* DESCRIPTION OF THE TASK *
The required output is the exact run of lines from the one that contains "Shirin Ebadi Quotes: I" to the end of the data, with every picture left out.

* SUPPLIED DATA *
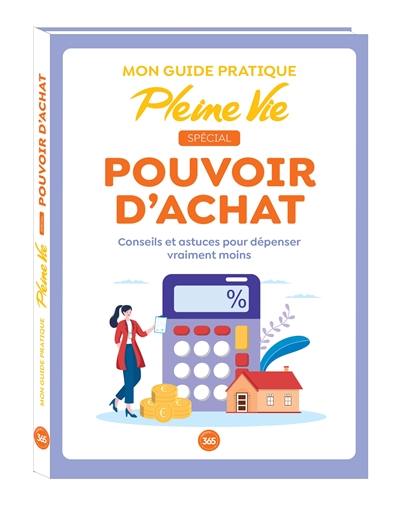 Mon guide pratique Pleine Vie spécial pouvoir d'achat : conseils et astuces pour dépenser vraiment moins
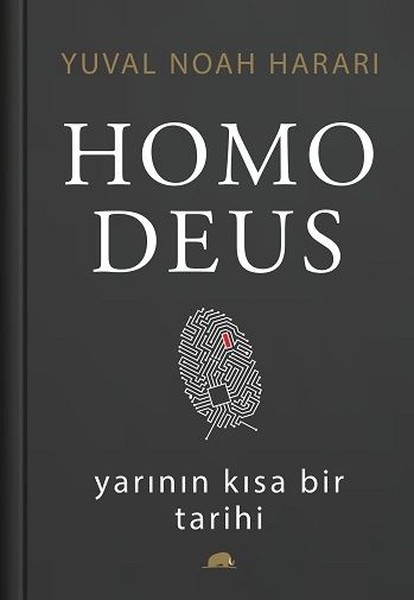 Homo Deus: Yarının Kısa Bir Tarihi kitabı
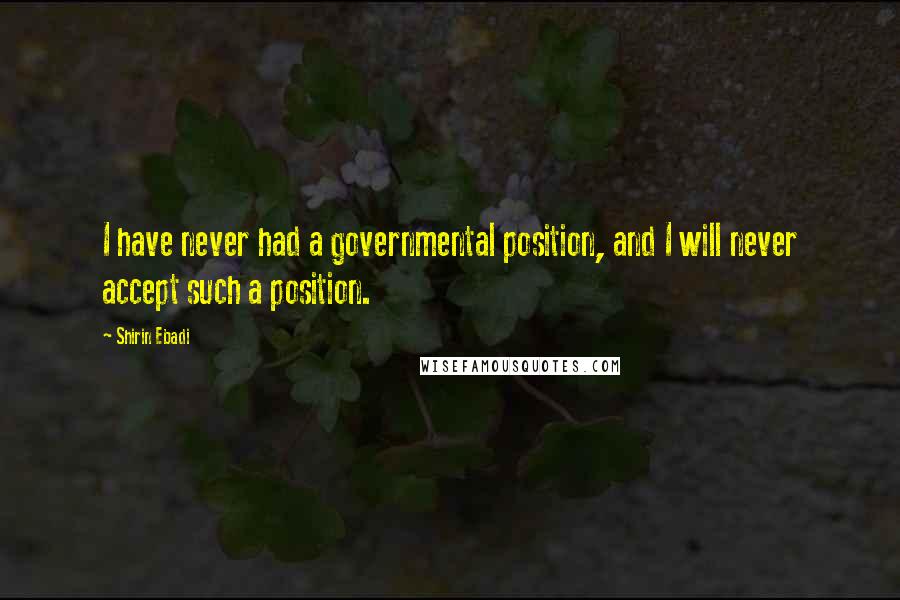Shirin Ebadi Quotes: I have never had a governmental position, and I will never accept such a position.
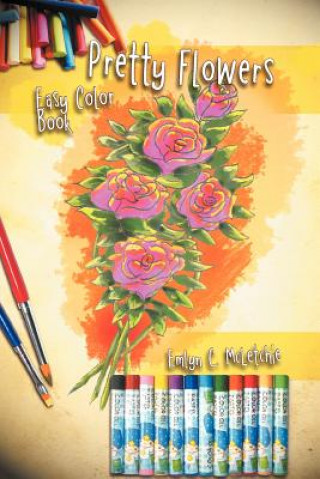 Carte Pretty Flowers Easy Color Book Emlyn C McLetchie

* RESULT OF THE TASK *
Shirin Ebadi Quotes: I have never had a governmental position, and I will never accept such a position.
 Carte Pretty Flowers Easy Color Book Emlyn C McLetchie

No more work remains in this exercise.